What were the Israelites doing instead? They were looking in every other place for deliverance. In Judges 17.13, a man Micah decided that if he had his own priest, God would receive him. So even though the tabernacle was right down the road, Micah decided he needed his own shrine. A man did what was right in his own eyes, and it wasn’t in accord with what God had told Israel to do even if it had a religious appearance. The man was looking out for himself individually and so he set up his own priest, a Levite, so that he would prosper.
There is something missing on so many levels here. God’s law hadn’t been passed down from the previous generation. The priests hadn’t been trained, and it seems like this priest is just trying to make a living by serving Micah. The picture of prosperity from the conquest has already been lost. Remember that God promised to prosper them if they kept his instruction. But instead, Micah thinks the best way to prosper was to set up his own high place. This isn’t peculiar to just one man in Israel, it is a systemic problem with the whole people. Israel didn’t take any of the land that had been allocated for the tribe of Dan. They had an assigned land, but it was inhabited by Canaanites. So they take land from somewhere else in the far north, and they take Micah’s priest and his idols, which become the long-standing high place in the city of Dan in the north until the day of the captivity of the land.

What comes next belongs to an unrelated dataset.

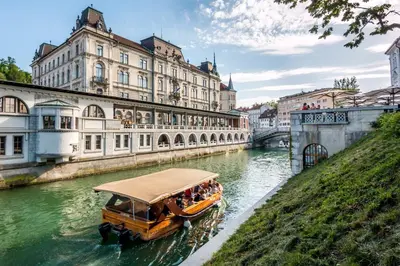 a boat in a river in front of a building at Royal Vega Apartment in Ljubljana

Micah isn’t the only problem at the end of Judges. Things continue to spiral downward throughout the whole land, and the problem stems from another Levite. In including this story in Judges, the author is displaying the failure of the priesthood itself at the earliest of times. Although this is only around two generations removed from Aaron and Moses, the worship of Yahweh was lacking completely. So the Levite is traveling with his concubine and decides it is better to find refuge in an Israelite city than a Canaanite city. He was sorely wrong to think this was a good thing. The Israelite town comes out against him like Sodom and Gomorrah. The only problem is that they are worse than Sodom and Gomorrah and they end up ravaging his concubine and murdering her. Israel has become Sodom and Gomorrah. But the rest of Israel does not seek the Lord in seeking vengeance and nearly destroys the whole tribe of Benjamin and then tries to repopulate Benjamin by depopulating Jabesh-Gilead. Everyone did right in their own eyes according to their own wisdom.
How should we respond to such a terrible story? First, Judges teaches us the results of doing what is right in our own eyes. In fact, we see how it is a part of the fallen human condition, and it is disastrous. The great tragedies in our world can be described as such, ‘So and so did what was right in his own eyes.’ But we must also reflect about ourselves. We also share in this nature. We do what is right in our own eyes, but we don’t want to consider the morality of our actions. Culturally, actions are often thought to be amoral. What I choose to do is not right or wrong. Any moral value is determined by our feelings of fulfillment. As a Christian, this must not be the way our actions are interpreted. All that we do ought to be lived in light of the cross. Whatever we do, whether we eat or drink, we do all to the glory of God. Moral value is actually determined by the end or goal of the action along with the intrinsic value of the action. Do we eat a certain foods to get approval from others? Do we avoid certain drinks because others would look down on you? Do we make our purchases to make us happy? Paul says that we must consider our end: giving glory to God. It is in this that the greatest fulfillment is found. Doing what is right in our own eyes ultimately is an empty pursuit because it goes against what we were created for, and the results are vanity and vapor. In contrast, all that is done to the glory of God, according to the living and abiding word of God, will not be in vain because it builds on a firm foundation. May we seek to live giving glory to God as we rest in what Jesus has done.